そして限界を迎えたペニスが限界まで膨らんだ風船のように張り詰め、膣内が収縮し、膣奥から熱いマグマの噴出するかのようなおぞましさすら覚える快楽が昇って……
「いぁっ!? びゅー……ってでちゃ……出ちゃでちゃでちゃああああああああああああああ!!!」
まるで全てが破裂するような感覚に包まれた瞬間、尿道が全開に開き、全身から集められた熱く濃い欲望の塊が噴出す。
びゅる……びゅると生々しい音が聞こえてきそうな程の、激しい射精。射精する度に私の身体を雷のような激しい快感。そして同時にカラダからあらゆるものが抜け出てしまうような虚脱感が私を襲う。

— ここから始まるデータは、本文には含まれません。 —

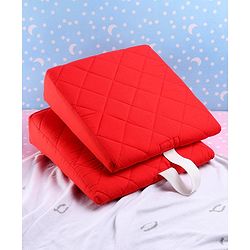 Babyhug Maternity Double Wedge Pillow With Quilted Cover - Red| Soft yet Firm| Breathable Fabric| Removable & Washable Outer Cover| Quilted Cotton Fabric| Sleep & Back Support| Relieves Back Pain| Ideal for Pregnant Women| Facilitates Peaceful Sleep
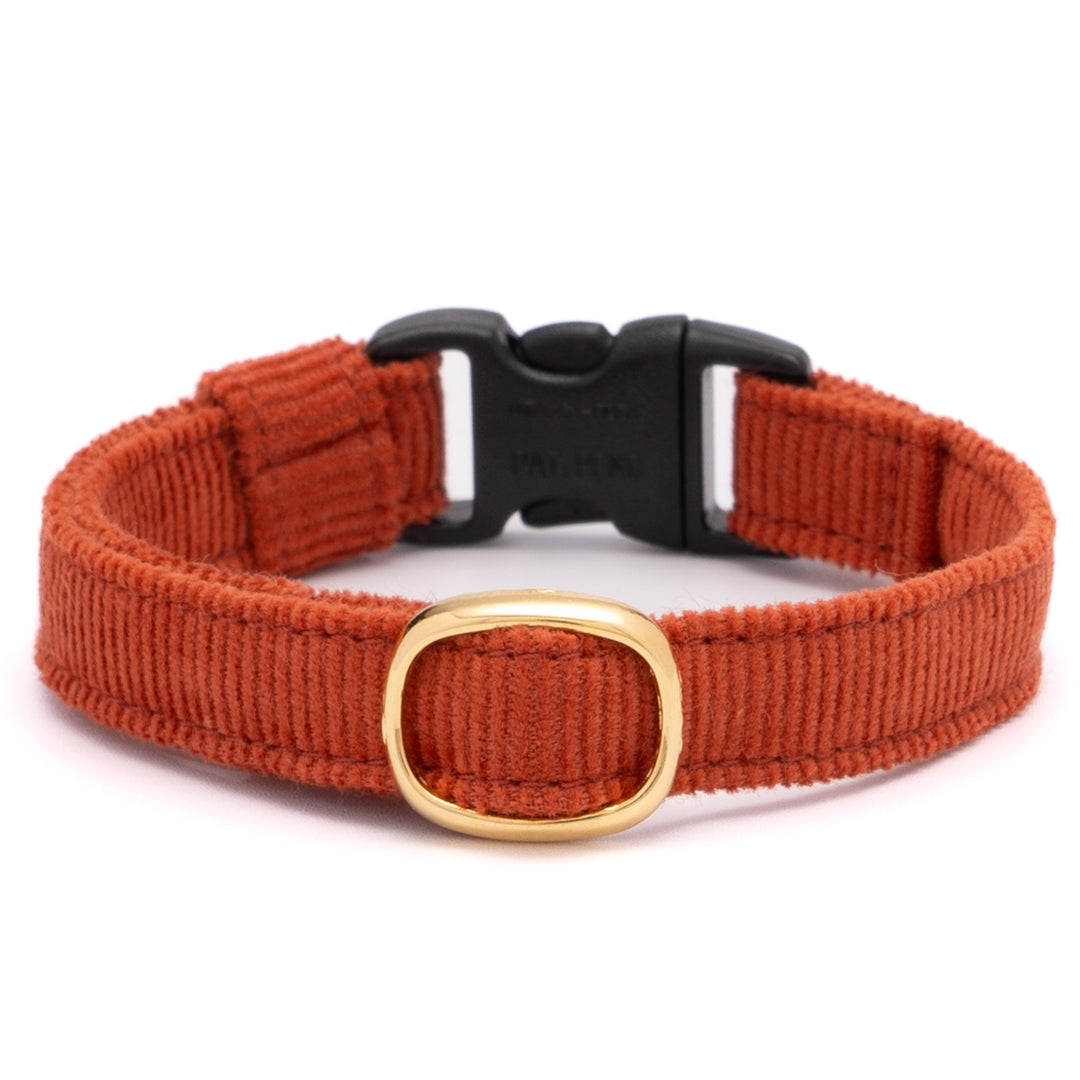 猫首輪 コットンコーデュロイ オレンジ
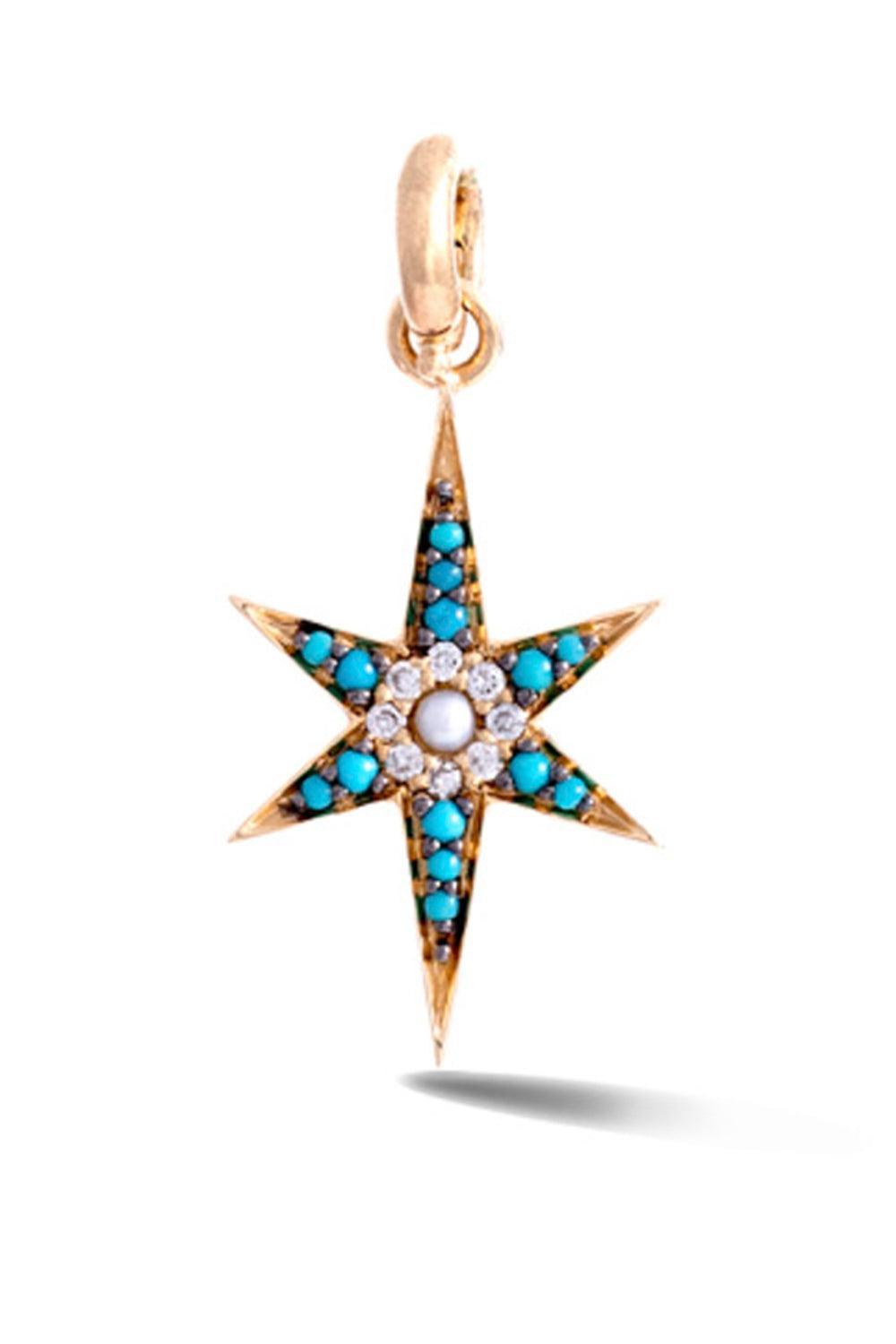 Turquoise Stella Star Pendant-YELLOW GOLD-JEWELRYFINE JEWELPENDANT-STORROW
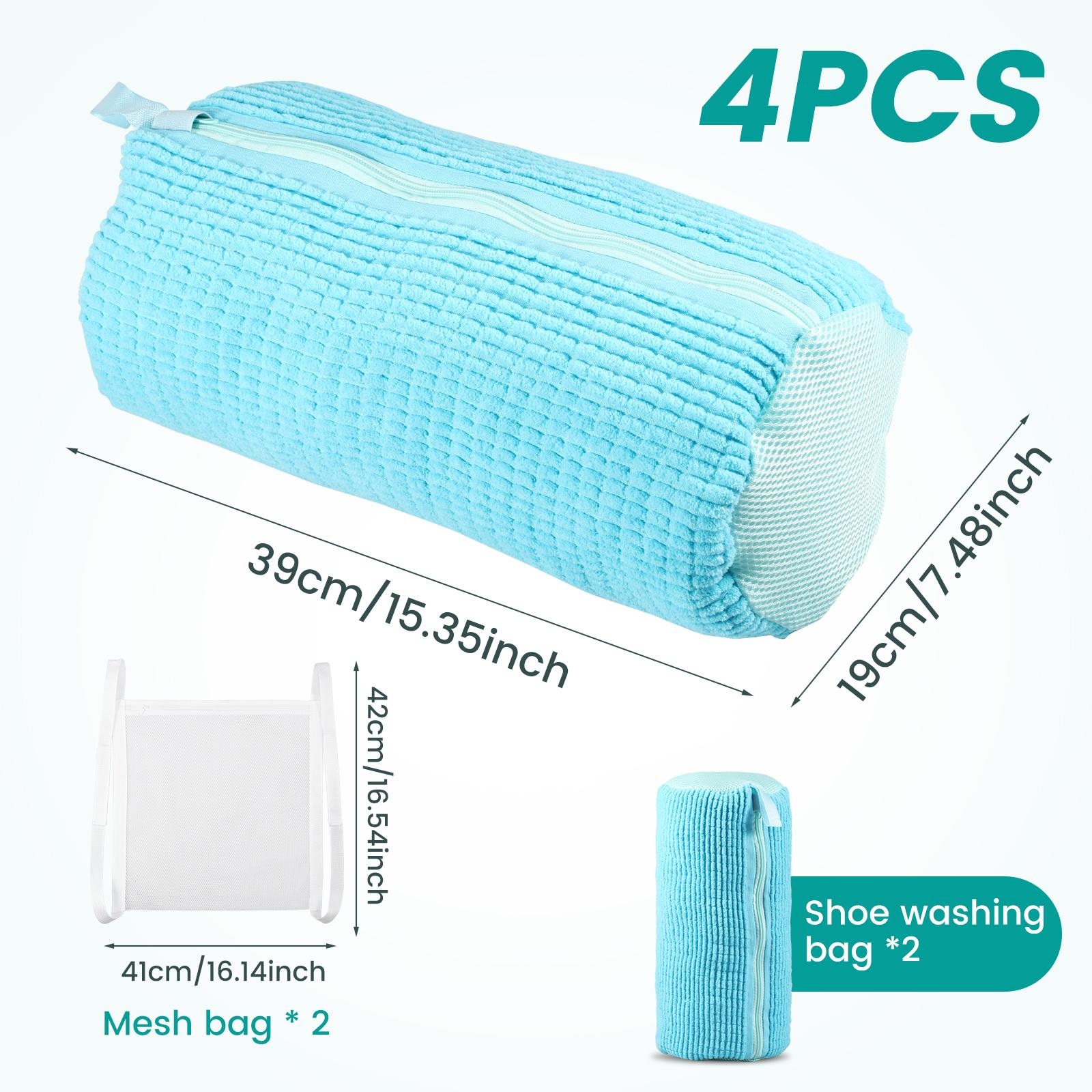 

4PCS Shoes Laundry Bags Closure Soft Shoes Cleaning Bags Reusable Shoes Washing Bags With Long Fluff for Washing Machine Zipper
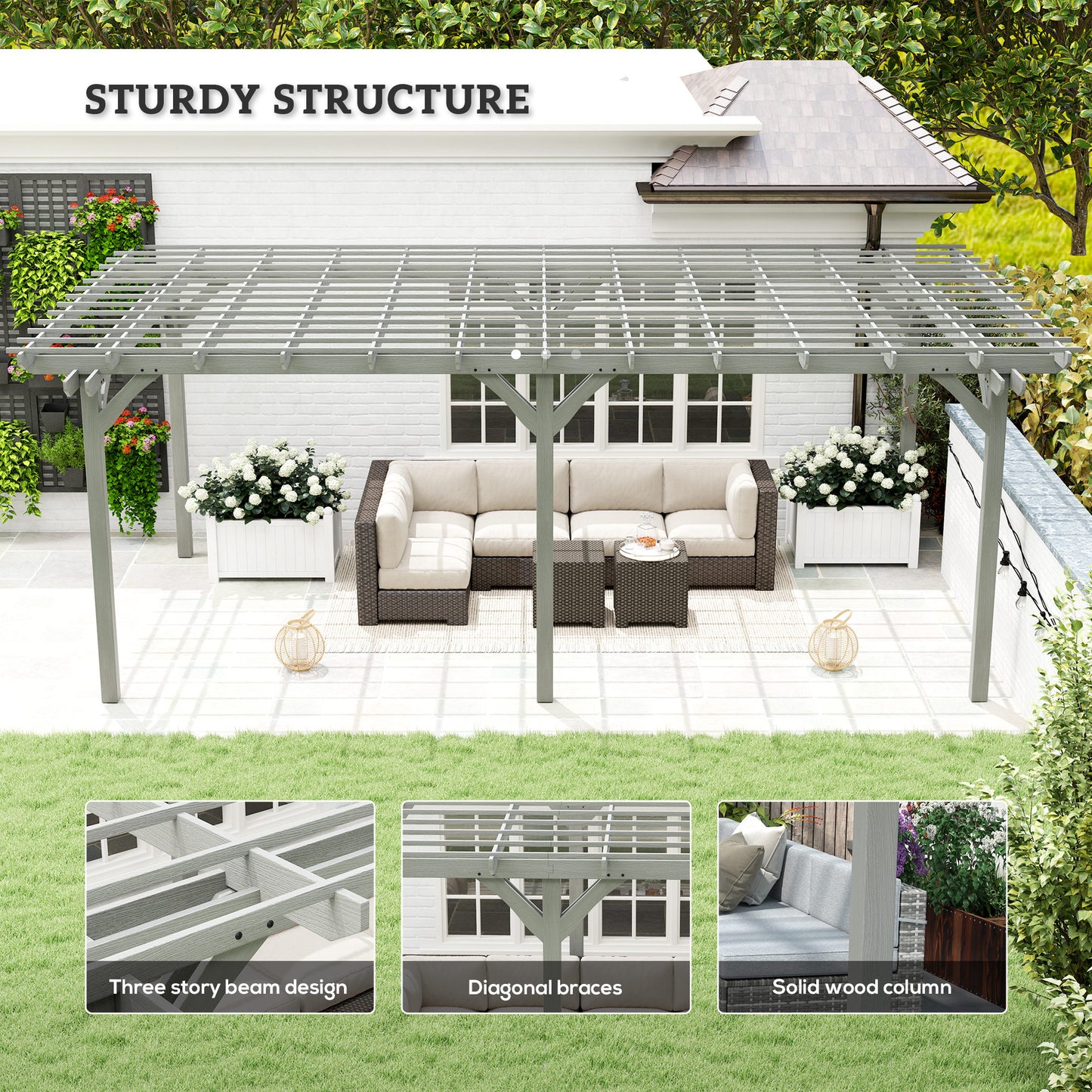 Outdoor Wooden Pergola for Climbing Plants - Gray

まるで噴水のように垂直にたっぷりと放たれた白濁液はベッドや私の肢体を醜く汚してゆく。
「あつぅ……ぃ……」
私の全身に熱くドロリとした精液が降り注がれてゆく。生臭い香りと火傷しそうなくらいの生々しい熱。そして女の快楽とは全く違う、男の快楽……その余韻に酔いしれ、そして私は意識を手放した。